### EXERCISE
Set the pictures aside and return each record below precisely as written.

### DATA SUPPLIED
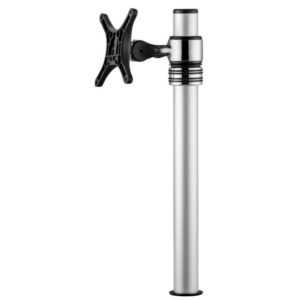 Atdec AF-M Single Monitor Short Arm Mount on Post (Silver). CARTON IMPERFECTION. 10 YR WTY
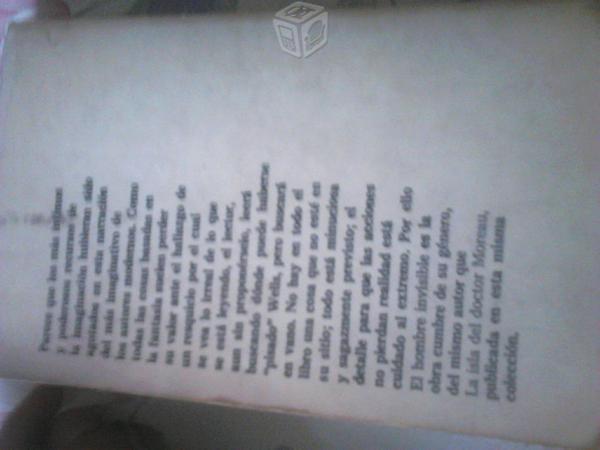 El Hombre Invisible. HG. Wells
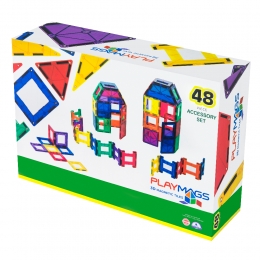 Фото Конструктор PlayMags магнитный набор 48 эл. (PM161)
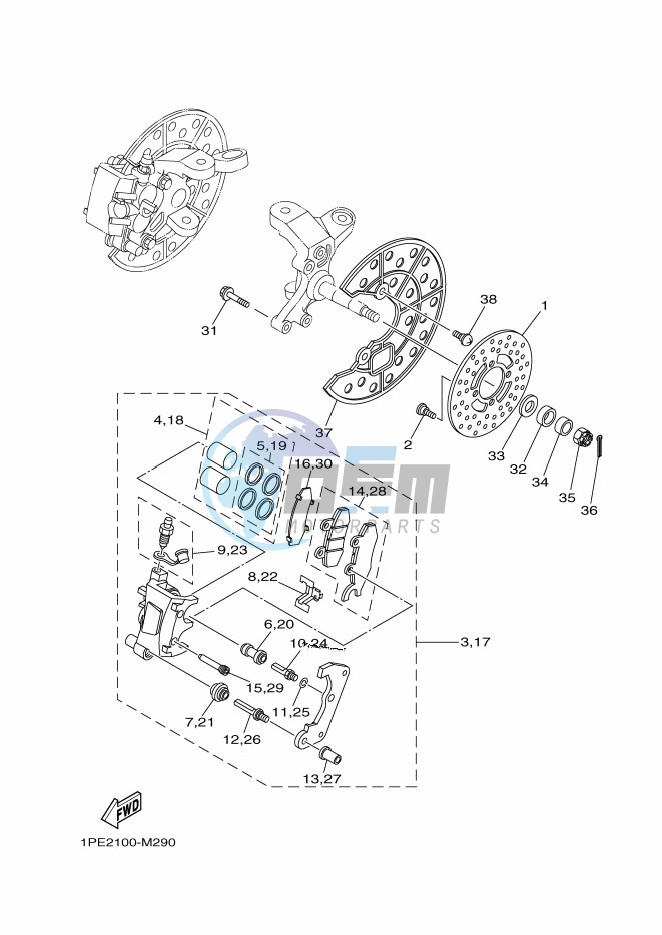 FRONT BRAKE CALIPER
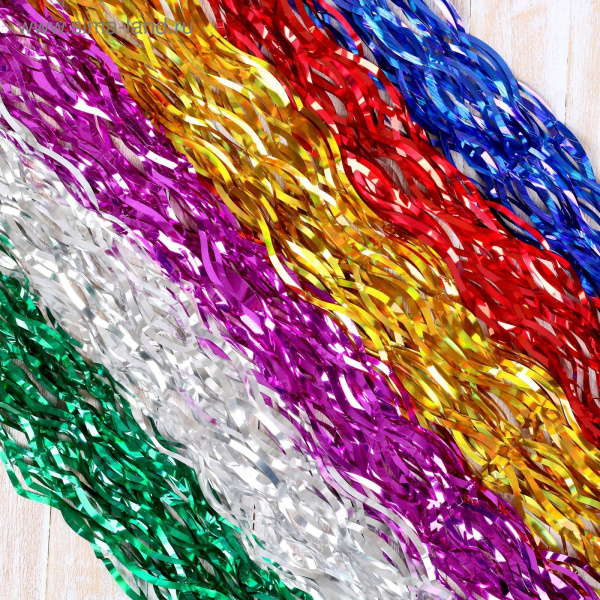 Дождик "Волна" (блеск, микс) /702536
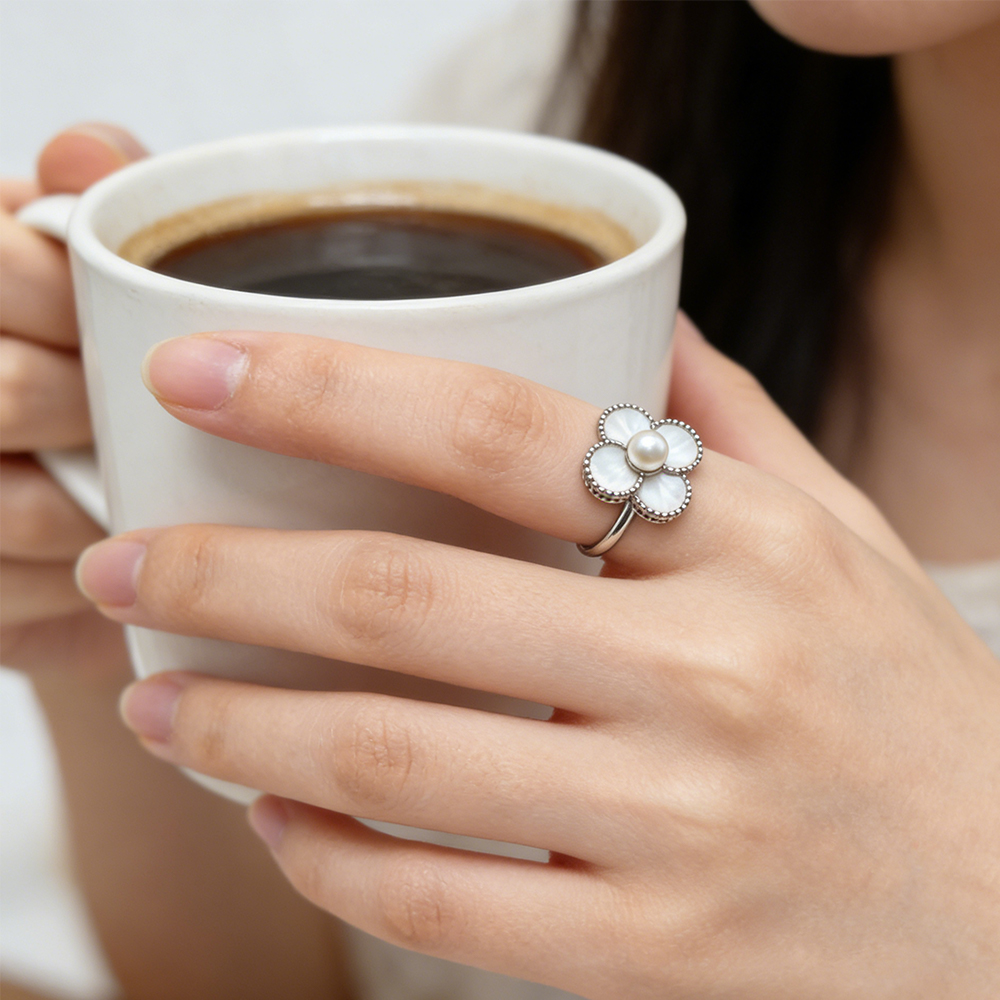 Vintage Ring With Of Pearl And - огляд і ціна Formal Wear Jewelry For Women
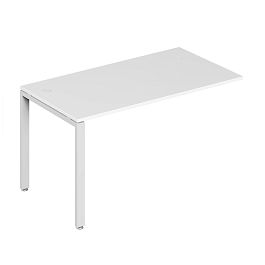 Удлинитель стола Trend Metal 140x60x75 белый - Фото предпросмотра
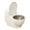 White, variant on Wall-Mounted Toilet-Shaped Cat Bowl Wall Mounted Covered Ashtray Toilet Shape with Lid Creative Indoor Smoking Supplies for Home Office Bathroom Decor 14*12*10, White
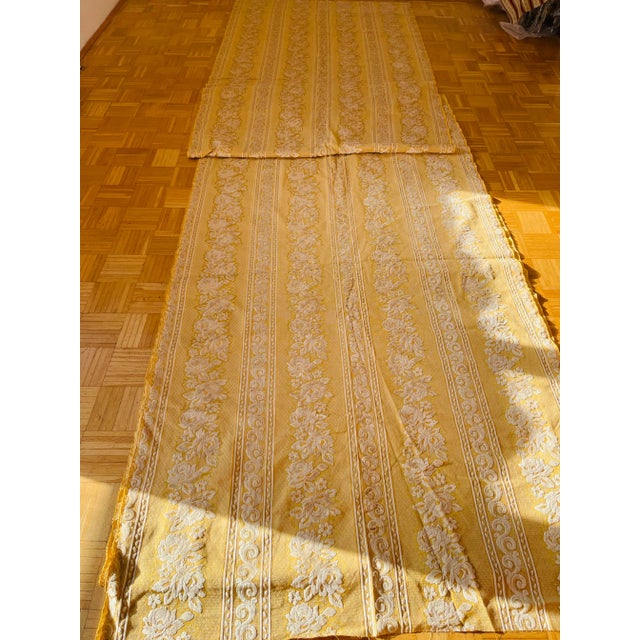 Textile 38 Ft Belgian Cut Velvet Drape Upholstery Textile Fabric- 11 Yards For Sale - Image 7 of 7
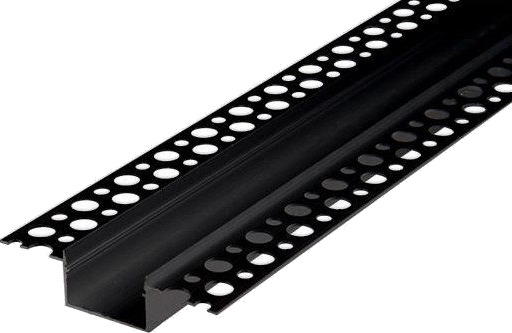 Aluprofil 50x20 for innsparkling 1 meter Svart inkl. Svart deksel Aluprofil 50x20 for innsparkling 1 meter Svart inkl. Svart deksel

### ANSWER TO THIS PROBLEM
 Atdec AF-M Single Monitor Short Arm Mount on Post (Silver). CARTON IMPERFECTION. 10 YR WTY
 El Hombre Invisible. HG. Wells
 Фото Конструктор PlayMags магнитный набор 48 эл. (PM161)
 FRONT BRAKE CALIPER
 Дождик "Волна" (блеск, микс) /702536
 Vintage Ring With Of Pearl And - огляд і ціна Formal Wear Jewelry For Women
 Удлинитель стола Trend Metal 140x60x75 белый - Фото предпросмотра
 White, variant on Wall-Mounted Toilet-Shaped Cat Bowl Wall Mounted Covered Ashtray Toilet Shape with Lid Creative Indoor Smoking Supplies for Home Office Bathroom Decor 14*12*10, White
 Textile 38 Ft Belgian Cut Velvet Drape Upholstery Textile Fabric- 11 Yards For Sale - Image 7 of 7
 Aluprofil 50x20 for innsparkling 1 meter Svart inkl. Svart deksel Aluprofil 50x20 for innsparkling 1 meter Svart inkl. Svart deksel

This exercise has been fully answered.